Ivanek and her key associates on the project, Dr. Claire Zoellner, first author of the study, and Dr. Martin Wiedmann, professor of food science, co-author and the grant awardee, envision the final iteration of EnABLe as a user-friendly template. Processors would simply input facility specifications along with pathogen data.
“So, the user can introduce those specific aspects, and elements and connections,” Ivanek says. “For example, when you think about Listeria, everything that’s Listeria related, how it grows, how it dies, what kills it, that’ll be the same for all models that are Listeria specific.”
The EnABLe model is still a prototype at this point and Ivanek and her team, in conjunction with the Frozen Food Foundation, are currently in the process of confirming it works to their satisfaction.
“The way that the model is developed, it is not super user friendly yet,” Ivanek says. “It is just fresh from the research bench. So, the next steps could be to make it more user friendly so that indeed you as a user, you just make three clicks and you’re ready to go. Right now, it requires more effort, and really in knowing more what you’re doing because it’s in the form of a computer code.”
Austin, Texas-based Food and Ag Lab LLC, offers food processors food safety testing lab services, consulting and auditing.

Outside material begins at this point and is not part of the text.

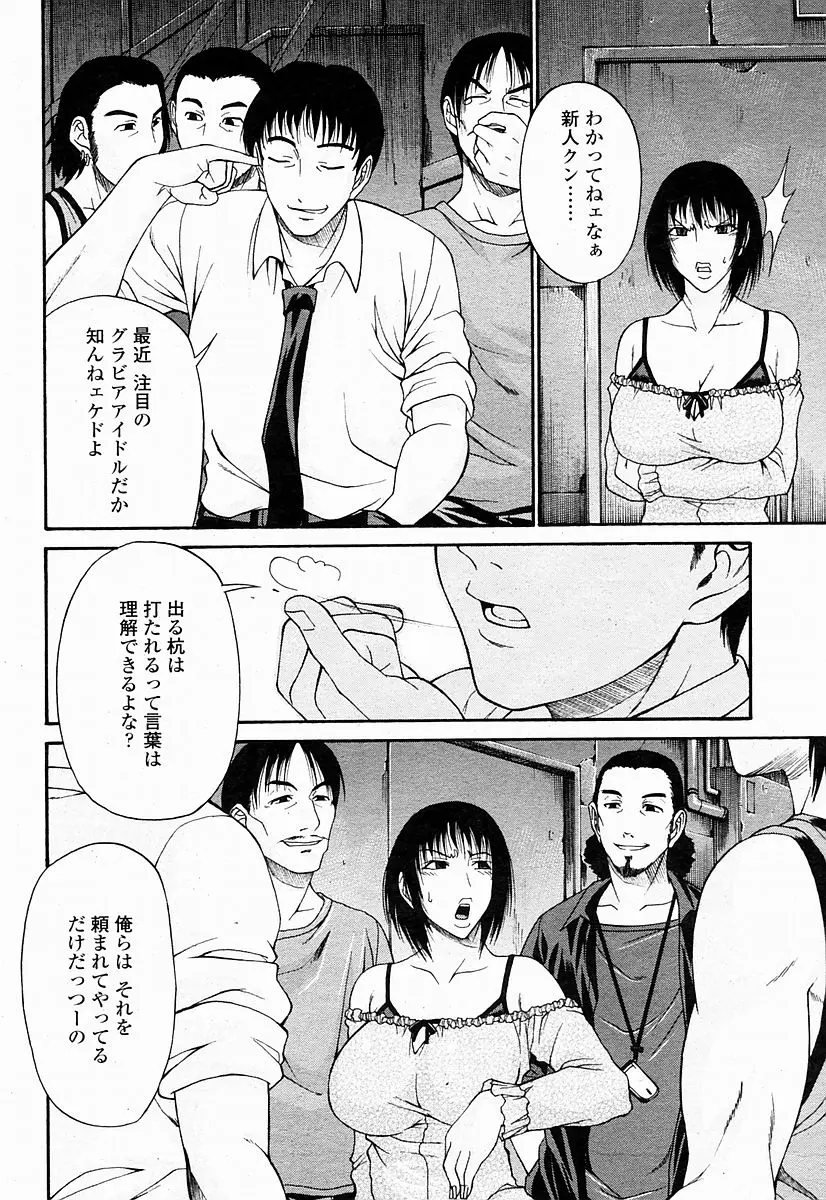 웹툰 이미지 237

Companies use Food and Ag Lab’s services for many reasons related to Listeria and at different points in time relative to a Listeria issue.
“They are usually looking for help with evaluation of their systems,” says Darren Toczko, MS, founder of Food and Ag Lab. “During a Listeria investigation, some processors ask for more help, either after they have repeated positives that they can’t figure out how to eradicate, or after a product positive that wasn’t first indicated as a potential issue from their environmental sampling plan.”

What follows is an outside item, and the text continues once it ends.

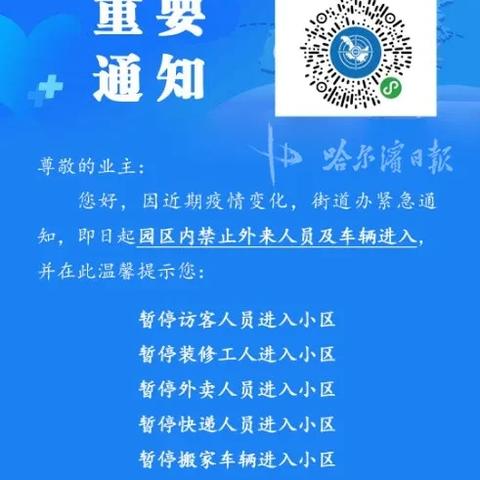 哈尔滨市什么时候能出入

Once a processor has enlisted Food and Ag Lab’s services and the two companies establish a partnership, there’s a typical flow to how the relationship and execution goes.
“We go into facilities with the local staff, observe the process, review sampling plans, watch how sampling is conducted, observe the flow of product, water, people, traffic patterns, and sanitation,” Toczko says. “Then, we sit down together and go over observations and recommendations. It’s up to the processor to decide which of the recommendations should be implemented.”